Get the problem identified, even if that means calling in an expert or the services of a laboratory. Many diseases have similar symptoms. It may not be a disease at all — perhaps it is a nutritional or water management problem? Only when you know exactly what you are facing can the problem be tackled.

What else can be used?
Given that we have an ever-shrinking choice of chemical products, your next question should be whether there is anything you could use instead. In order to safeguard products for the future, they must be used wisely. If it is not necessary to use a chemical, don’t.
Look at the problem closely. Look at the level of infestation and the problems it is causing. If it is only a few weeds in a border or in a football pitch, consider weeding them out by hand. In some situations the weeds or insects may be doing no harm and can be left.

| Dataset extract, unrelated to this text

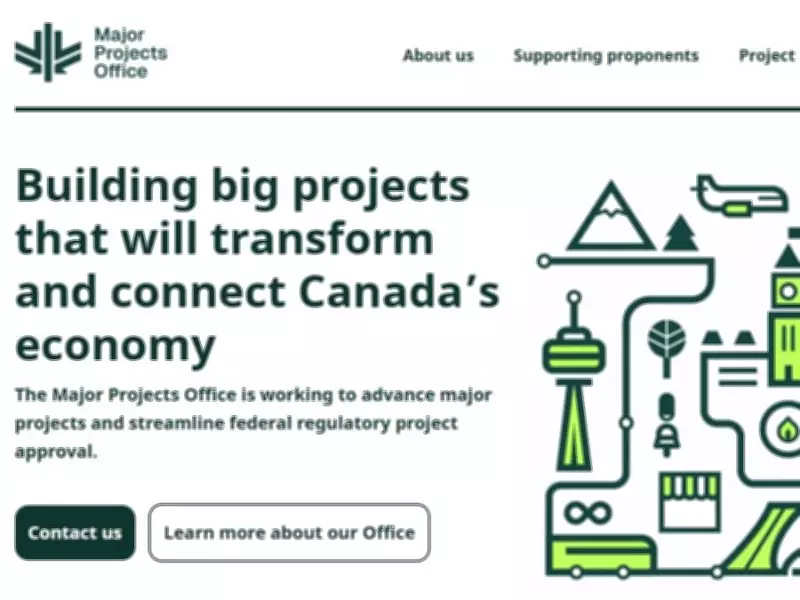 Janaka Ruwanpura: Canada cannot afford another decade of delays on major projects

Next, check your records. Have you encountered the problem before? If so, how was it dealt with then and what was the outcome? Only where the infestation is larger, having an impact on the function and/or safety of a facility, where it is likely to spread or is causing economic problems, and where it can’t be tackled by other means such as cultural practices, should you consider using chemicals. And even then, you must look to use the least hazardous product.

Keeping records
It is a legal requirement to keep records. What’s more, that information will be invaluable in the future should the problem — or a similar one — occur again. You should note the date the problem appeared and the symptoms that were present, along with the amount of infestation. You must log the decision process that brought you to the solution you used, details of the products applied and the rates, who applied them, which applicator was used and the results of the application.